» **Brief**
Write every line below out again, exactly as given, but leave out the pictures.

» **Collected data**

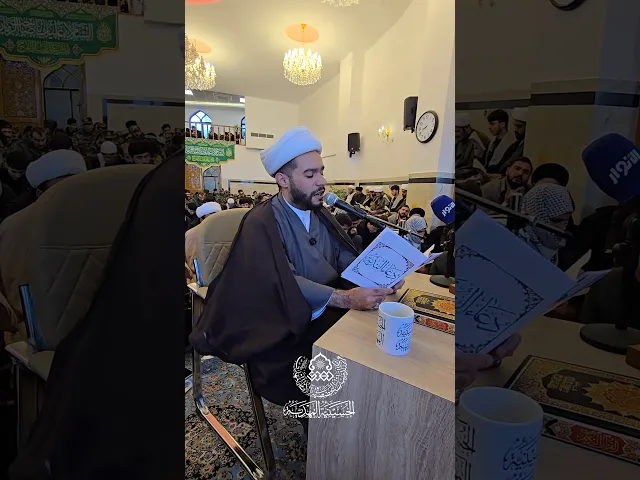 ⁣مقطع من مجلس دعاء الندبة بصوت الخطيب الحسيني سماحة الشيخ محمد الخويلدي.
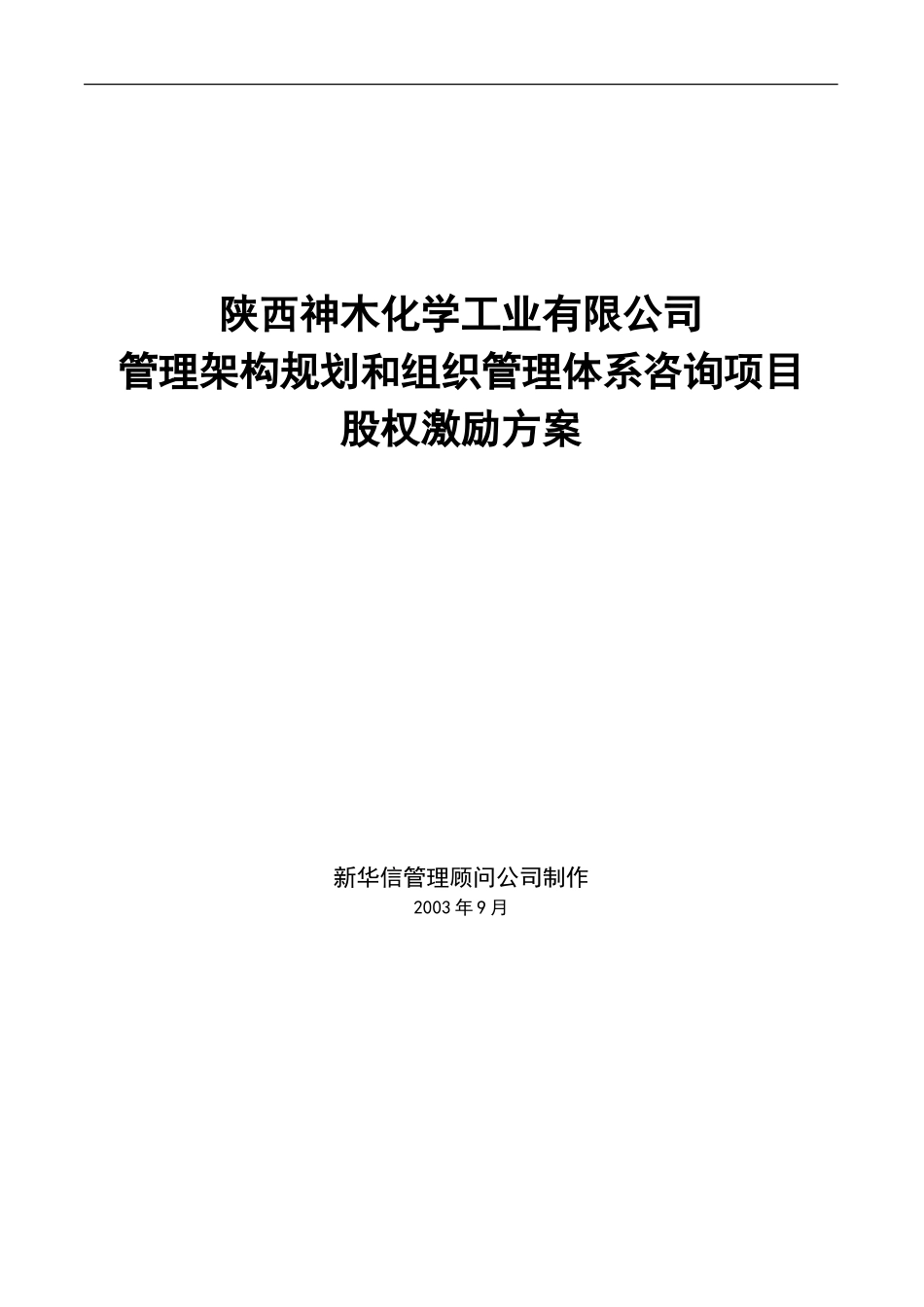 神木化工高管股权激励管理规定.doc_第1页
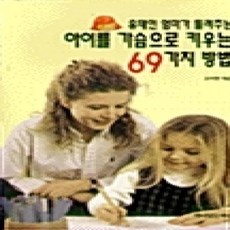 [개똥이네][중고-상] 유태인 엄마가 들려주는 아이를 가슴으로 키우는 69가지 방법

» **Answer box**
 ⁣مقطع من مجلس دعاء الندبة بصوت الخطيب الحسيني سماحة الشيخ محمد الخويلدي.
 神木化工高管股权激励管理规定.doc_第1页
 [개똥이네][중고-상] 유태인 엄마가 들려주는 아이를 가슴으로 키우는 69가지 방법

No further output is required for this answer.